When Oberly was asked about the possibility of shared personnel and resources between a public charity and another entity, he explained that “such dual roles can be ‘fraught with risk’ for nonprofits, particularly if space is shared.” Section 501(c)(3) organizations are subject to strict prohibitions to ensure that their assets are not used for private benefit.  In the story in the Los Angeles Times, the situation appeared more problematic because Section 501(c)(3) organizations also have an absolute prohibition against intervening in political campaign activity.  In the story, it was not simply a question about whether the charitable assets of the 501(c)(3) organization were inuring to the benefit of a non-charitable organization. Rather, it was alleged that the nonprofit’s assets were used for the benefit of the founder’s political campaign.  The IRS has the statutory authority to revoke a 501(c)(3) organization’s tax-exemption if the organization engages in impermissible political campaign activity and may also impose excise taxes on the expenditure under Section 4955 of the Code. 

As a basic rule, a public charity that is interested in sharing personnel and resources with a non-501(c)(3) organization should have proper controls and clear agreements that set forth, at a minimum:

  1. Ownership of any assets with shared use;
  2. Compensation agreements to ensure that the charity receives fair market value for any of its assets used by the second entity;
  3. Clear terms of use of charitable personnel and resources, including hours of use, restrictions, and other controls;
  4. Provisions of insurance to protect the charity if the other organization’s activities might put it at risk;
  5. Appropriate indemnification provisions;
  6. Conditions requiring the entities’ compliance with all applicable law; and
  7. Rules governing dispute resolutions.

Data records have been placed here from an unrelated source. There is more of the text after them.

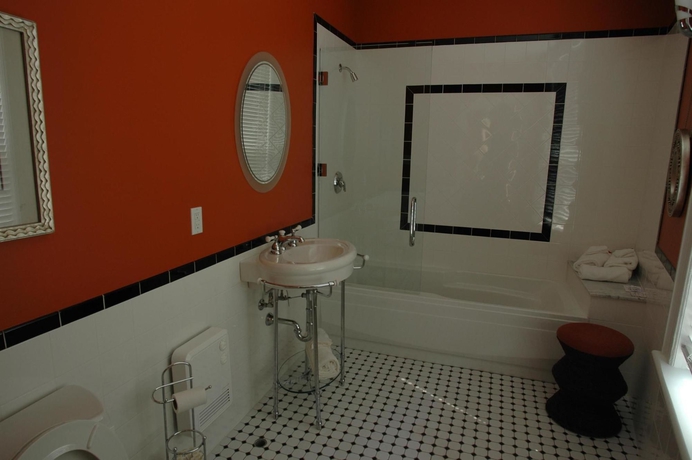 Imagen de la habitación del Hotel Manoir Sherbrooke. Foto 4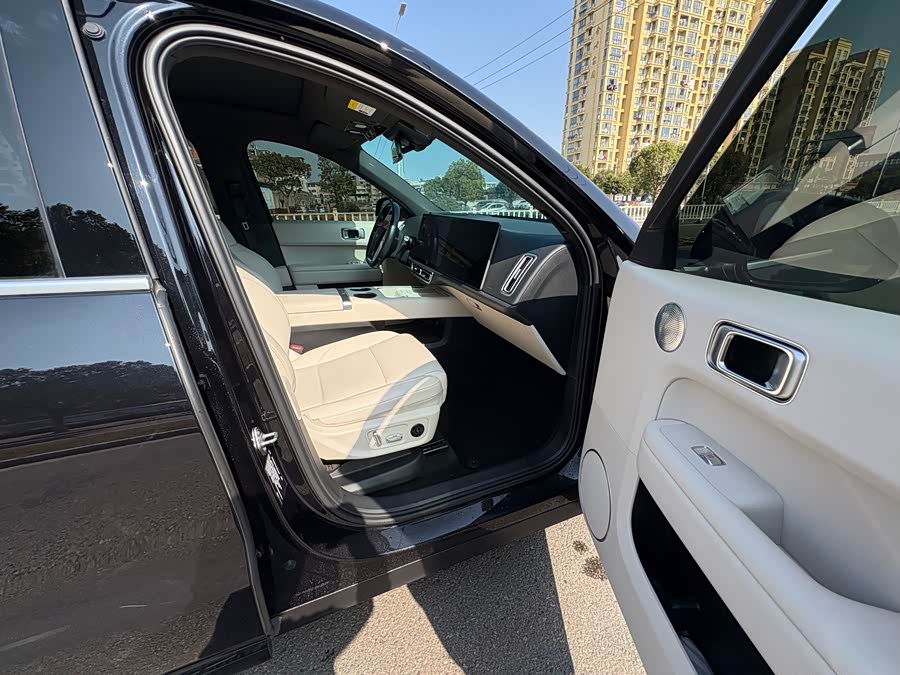 Li L6 2024 image de voiture #11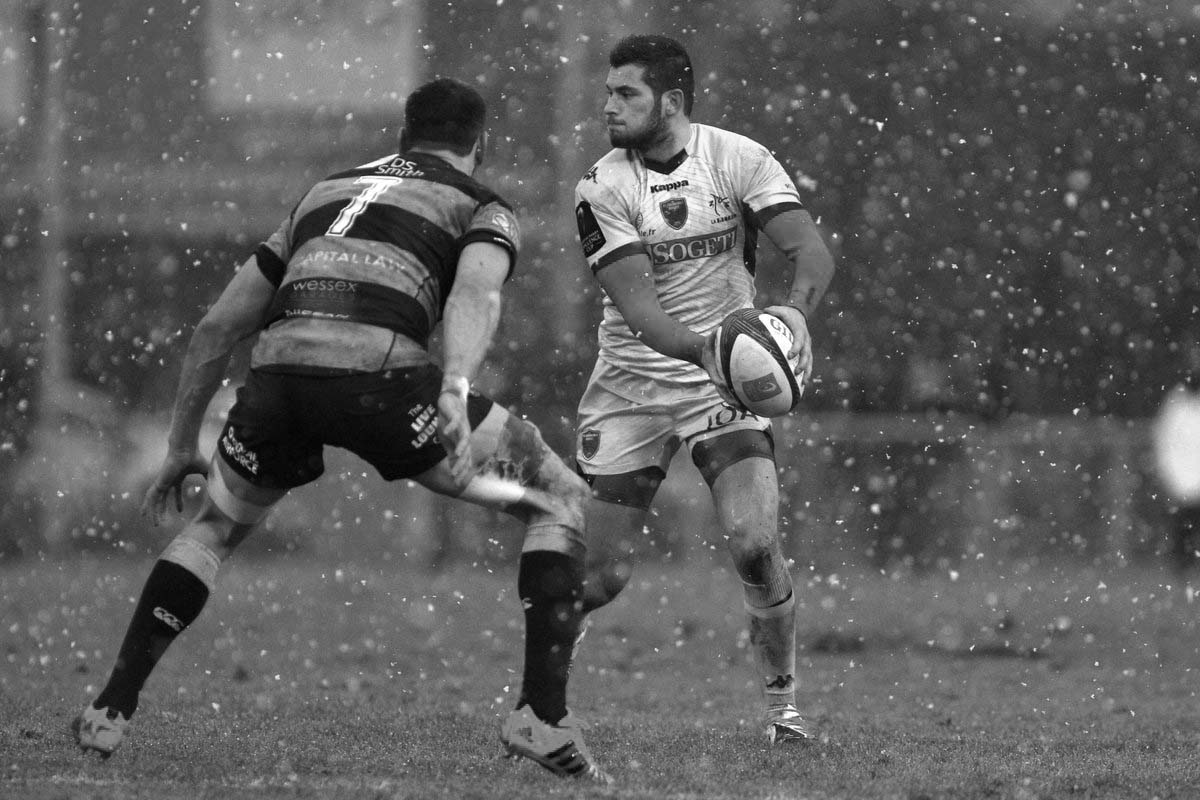 La rencontre FCG - Rouen va débuter. Les deux équipes et l’ensemble des supporters rendront hommage à Jordan Michallet, par une minute d’applaudissement avant le coup d’envoi. La génération 93 Reichel est présente sur ce match, ainsi que les présidents de Bourgoin, Voiron, Rouen.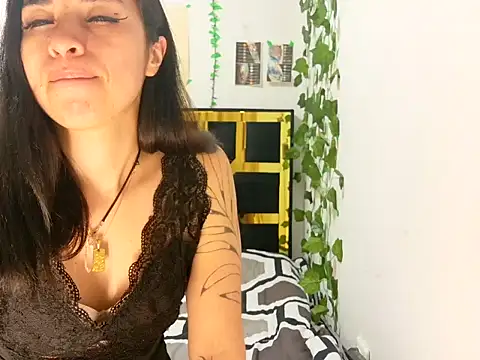 lucywhite13 online show from 09.15.25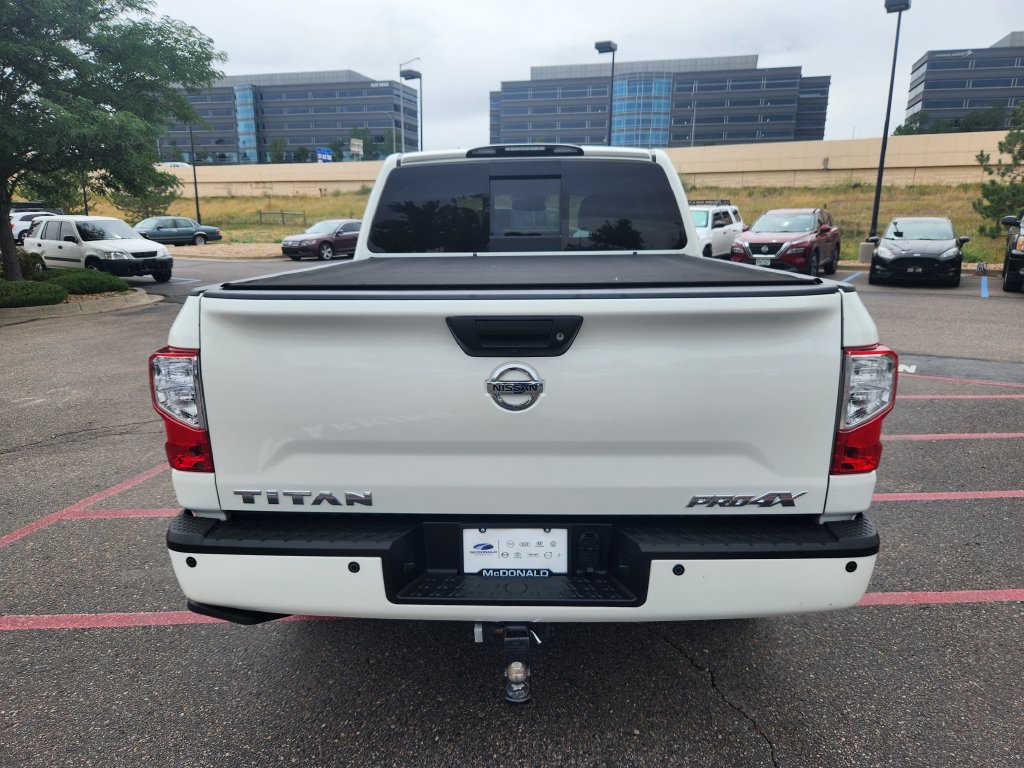 Used 2018 Nissan Titan PRO-4X w/ Pro-4x Convenience Package AWD/4WD image 4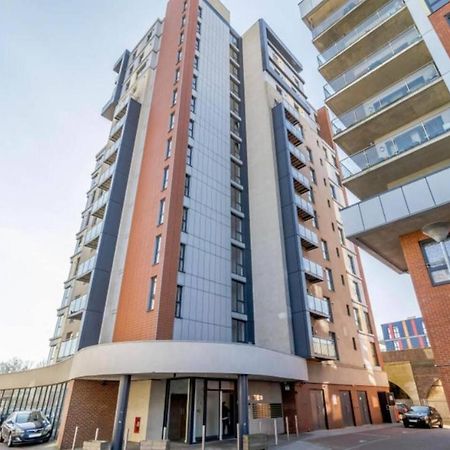 Lovely Luxury 1-Bed Apartment In Wembley Λονδίνο Εξωτερικό φωτογραφία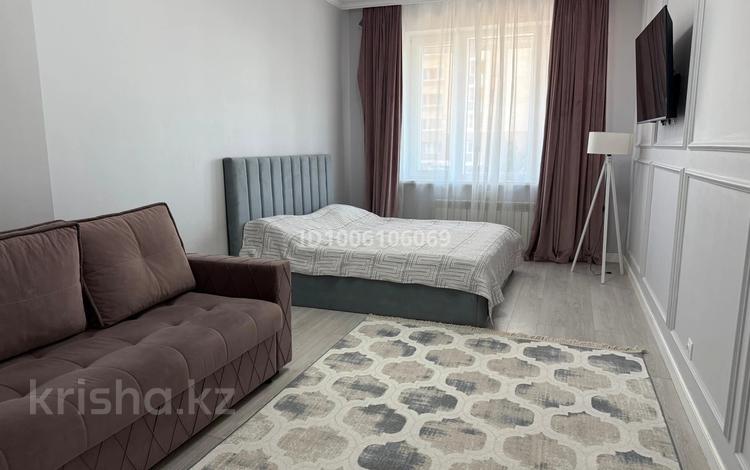 1-комнатная квартира · 46.5 м², Туркестан 28A за 260 000 ₸ в Астане, Есильский р-н — фото 2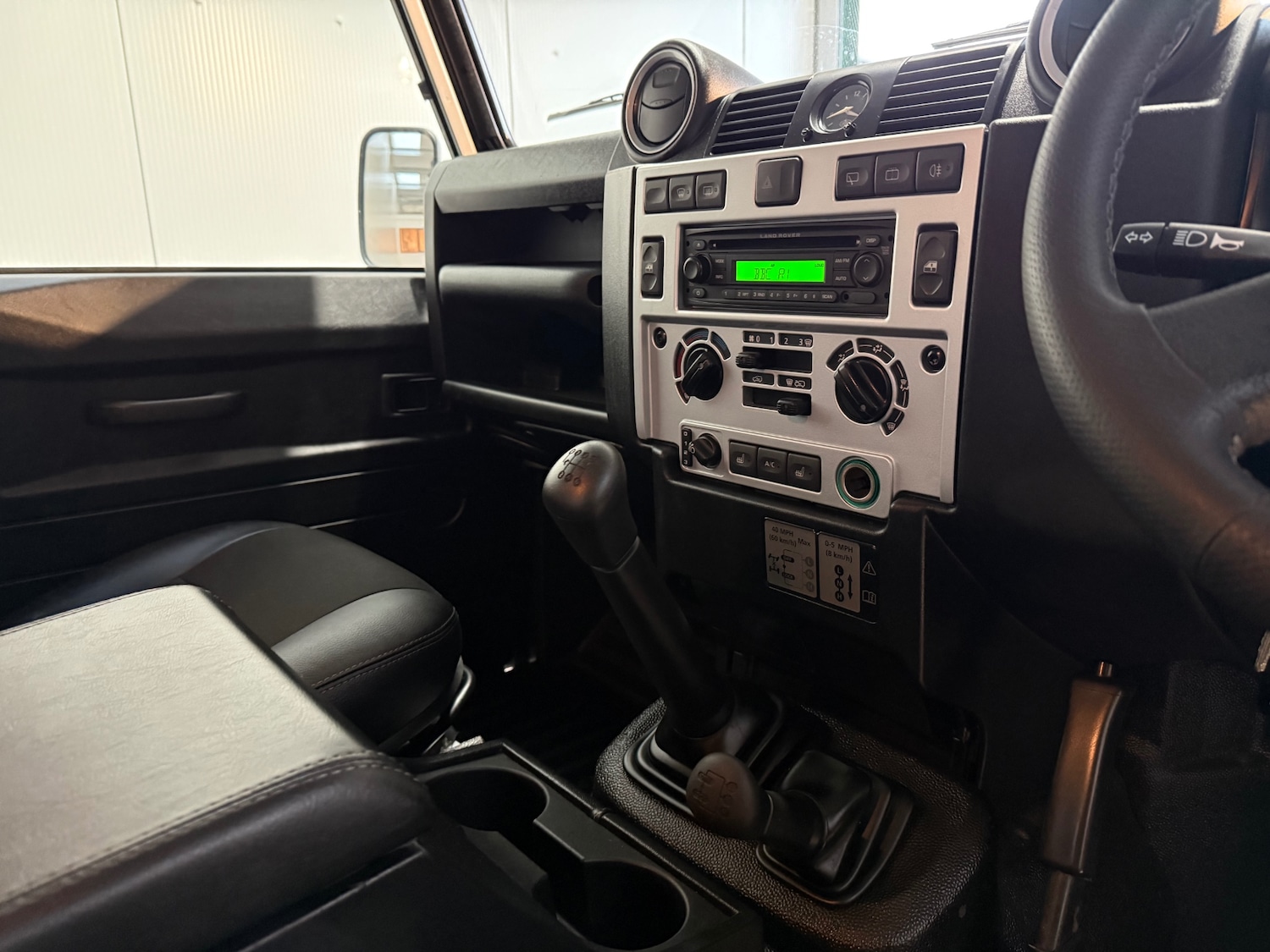 Used Land Rover Defender 2011 for sale - 77020548: Photo 32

Any prospective agreement must be carefully vetted by the nonprofit’s Board of Directors to ensure the agreement is in the nonprofit’s best interest.  Assuming that such an agreement is reached, both organizations should keep detailed records listing the hours shared employees worked for each entity and should maintain separate accounts and financial records.  While the additional revenue a charity receives from a shared personnel or resource agreement may be attractive, nonprofit boards should tread carefully – and in consultation with qualified legal counsel – so that the agreements are legally compliant and otherwise in the organization’s best interests.